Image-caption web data
··········
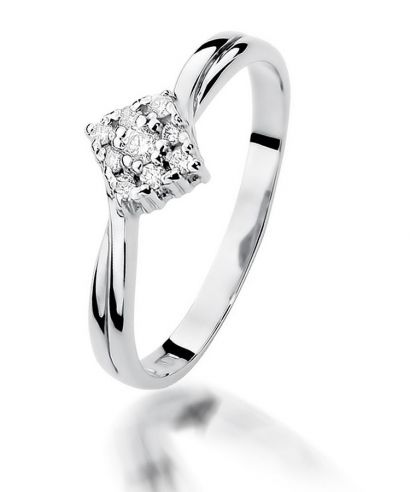 Bonore - White Gold 585 - Diamond 0,02 ct ring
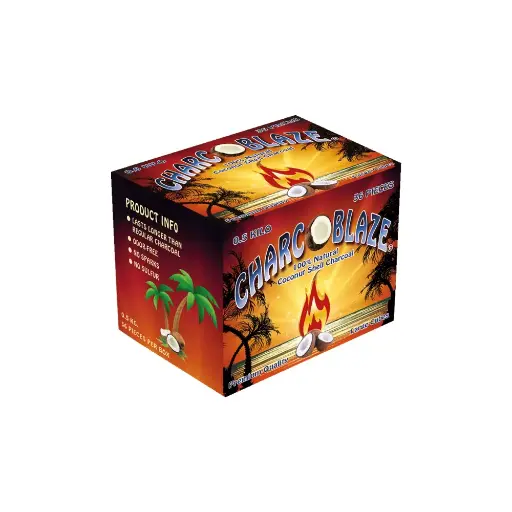 [Q-2602] HOOKAH CHARCOAL 0.5 KG CHARCOBLAZE COCONUT SHELL CUBES 36 PC. BOX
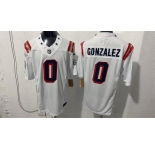 Men's New England Patriots #0 Christian Gonzalez White F.U.S.E. Vapor Limited Football Stitched Jersey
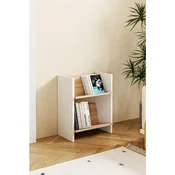 Hanah Home polica za knjige Derga2, 44 cm, hrast Sonoma / bela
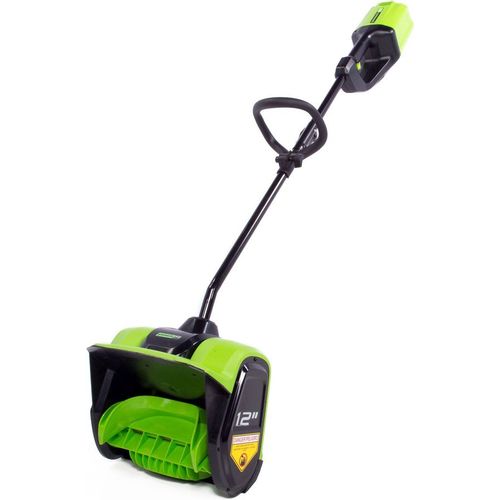 Снегоуборщик GREENWORKS 2602607, аккумуляторный, без АКБ, без ЗУ
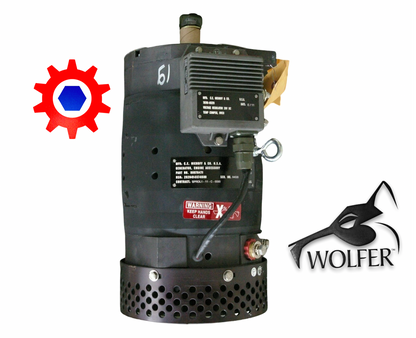 C.E. Niehoff N1603-2 ; 28V 450amp Industrial / Military Generator with Regulator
··········
TASK INSTRUCTIONS
Copy nothing outside the span: please output the lines from the one with "Men's New England" through the end of the entries above, and skip the pictures.

WRITTEN RESPONSE
 Men's New England Patriots #0 Christian Gonzalez White F.U.S.E. Vapor Limited Football Stitched Jersey
 Hanah Home polica za knjige Derga2, 44 cm, hrast Sonoma / bela
 Снегоуборщик GREENWORKS 2602607, аккумуляторный, без АКБ, без ЗУ
 C.E. Niehoff N1603-2 ; 28V 450amp Industrial / Military Generator with Regulator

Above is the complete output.